В критических статьях Б. Л. не любил говорить «я», предпочитал местоименье «мы». Не умел произносить речи, высказывался сумбурно, бессвязно, тяготился ограничительностью жизни. В нем всегда жил порыв:
«О, на волю, на волю!»[361]
Устраивая стихи В. Мониной в архив после ее кончины [362], я обратилась к Б. Л. с просьбой написать сопроводительный отзыв о ней. Он колебался, звонил И. Н. Розанову, брал на дачу читать стихи В. М., но ничего не написал. Очевидно, муза поэтессы его уже не удовлетворяла в свете новых его требований, хотя он и прибавлял: «С другой стороны, я помню ее». Трогательный образ В. М. не создал оценки ее творчества.
«Читал Марселя Пруста. Боюсь его».
«Почему всегда так несоответственно бывает? Вы должны были бы петь на сцене, а работаете в школе беспризорных».

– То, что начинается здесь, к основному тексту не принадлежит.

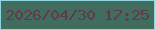 文字の大きさ：4、枠の色：8fd6de、背景の色：416d5f、文字の色：633849 無料ブログパーツのブログ時計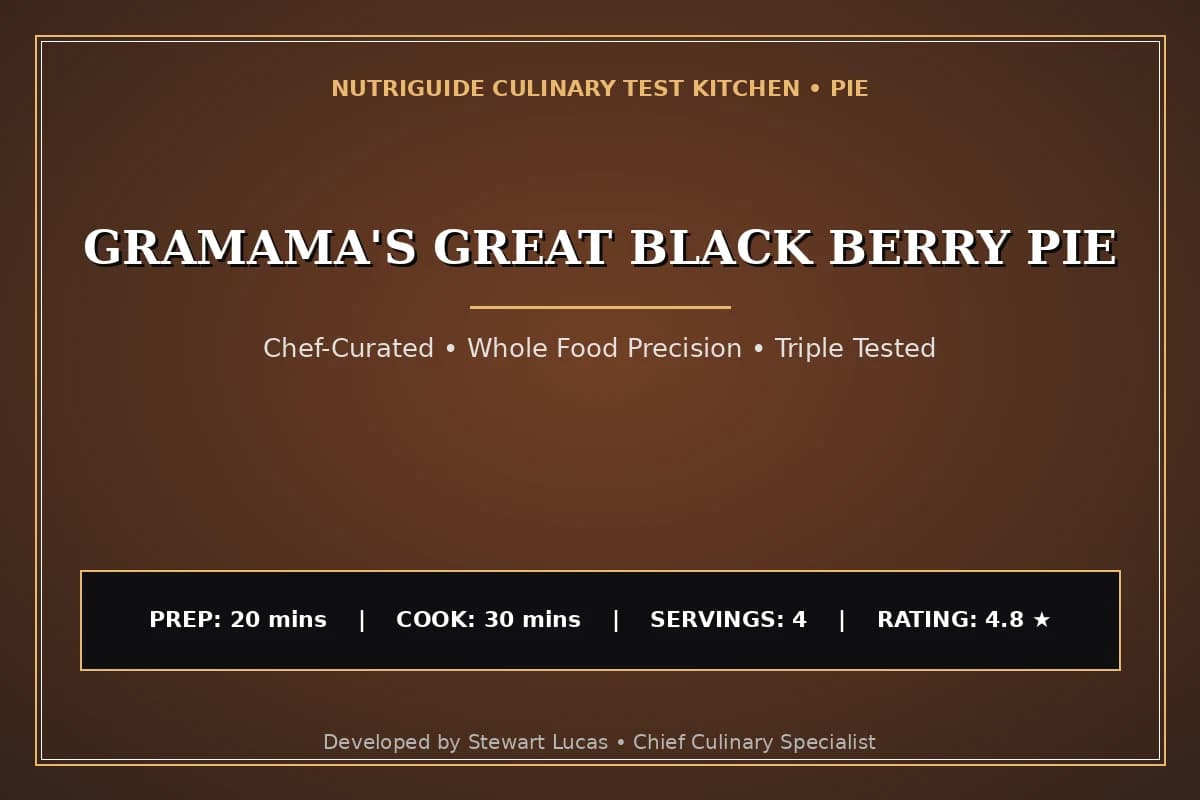 Gramama'S Great Black Berry Pie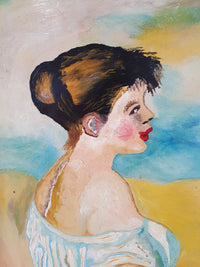 50 x 130 cm naive paintings 70s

Принес Варваре Мониной деньги, зная ее голодную нужду с двумя бобровскими дочками, положил на стол и ушел.
«Бывал на Разгуляе [363]. Ходил здесь ночью с Сергеем Дурылиным[364]. Золотарики проезжали».
Нежно любил дочь своей возлюбленной, Ивинской, Ирочку, не одобрял вывихнутого ее сына, Дмитрия [365].
Любил пушистого кота на даче, называл его Боярин.
Очень плакал у его гроба Святослав Нейгауз [366], больше двух родных сыновей [367].
Когда Б. Л. был уже совсем плох, не мог подниматься, к нему пришел Константин Федин [368] и предложил написать заявление о вступлении в члены Союза писателей. Тогда его похоронят с почестями, как признанного советского писателя. Б. Л. собрал последние силы и ответил: «Я из членов Союза писателей не выходил и потому вступать в него не буду»[369].